Comparative Example 4 (Production of Toner 84)
After obtaining aggregated particles in the same manner as in Example 1, polyoxyethylene lauryl ether sodium sulfate "Emal E-27C" (manufactured by Kao Corporation, anionic surfactant, effective An aqueous solution obtained by mixing 48 g (concentration 27% by mass), 600 g of deionized water, and 60 g of a 0.1 mol/L sulfuric acid aqueous solution was added. After that, the temperature was raised to 66° C. over 1 hour and maintained at 66° C. for 30 minutes, then 22 g of 0.1 mol/L sulfuric acid aqueous solution was added and further maintained at 66° C. for 15 minutes. Thereafter, 22 g of a 0.1 mol/L sulfuric acid aqueous solution was added again, and the temperature was maintained at 66° C. until the circularity reached 0.970, thereby obtaining a dispersion of fused particles in which aggregated particles were fused. Thereafter, a toner 84 was produced in the same manner as after obtaining the dispersion liquid of the fusible particles in Example 1. Table 5 shows the physical properties of the obtained toner particles and the evaluation results of the toner.
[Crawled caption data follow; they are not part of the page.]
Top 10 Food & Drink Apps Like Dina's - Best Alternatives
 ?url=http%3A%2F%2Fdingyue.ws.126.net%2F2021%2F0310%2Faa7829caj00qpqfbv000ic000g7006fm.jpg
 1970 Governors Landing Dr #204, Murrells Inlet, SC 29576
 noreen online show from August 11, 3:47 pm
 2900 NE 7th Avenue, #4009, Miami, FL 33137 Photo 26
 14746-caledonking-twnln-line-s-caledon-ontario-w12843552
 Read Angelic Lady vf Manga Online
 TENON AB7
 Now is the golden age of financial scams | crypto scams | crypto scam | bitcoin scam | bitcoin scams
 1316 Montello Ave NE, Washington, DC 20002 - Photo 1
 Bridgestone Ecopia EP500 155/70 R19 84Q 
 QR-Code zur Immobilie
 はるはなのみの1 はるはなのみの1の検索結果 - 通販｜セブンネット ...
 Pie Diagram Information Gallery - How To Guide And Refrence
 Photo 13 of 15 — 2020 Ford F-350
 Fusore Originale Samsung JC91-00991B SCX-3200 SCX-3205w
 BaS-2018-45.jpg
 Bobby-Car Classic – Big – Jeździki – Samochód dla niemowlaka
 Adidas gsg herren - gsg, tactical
From the results of the examples and the comparative examples, it can be seen that according to the present invention, it is possible to obtain a toner having high image density in printed matter and excellent low-temperature fixability and charge stability.

Claims (5)

A method for producing a toner, comprising a step of aggregating and fusing resin particles and colorant particles,
The resin particles contain an amorphous polyester resin A and a crystalline polyester resin C in the same or different particles,
The colorant particles are obtained by dispersing a colorant in a mixed liquid containing an amorphous polyester resin E, an organic solvent, and water,
The method for producing a toner, wherein the fusion-bonding temperature is at least 10°C lower than the melting point of the crystalline polyester resin C and at most 10 °C higher than the melting point. 2. The method for producing a toner according to claim 1, wherein the colorant particles are obtained by dispersing a colorant with a bead mill or a homogenizer. 3. The method for producing a toner according to claim 1, wherein a mass ratio of said colorant to said amorphous polyester resin E in said colorant particles is 50/50 or more and 95/5 or less. The amorphous polyester resin A and the amorphous polyester resin E are each independently a polycondensate of an alcohol component containing an alkylene oxide adduct of bisphenol A and a carboxylic acid component containing an aromatic dicarboxylic acid. 4. The method for producing a toner according to claim 1. The method for producing a toner according to any one of claims 1 to 4, wherein the colorant is carbon black.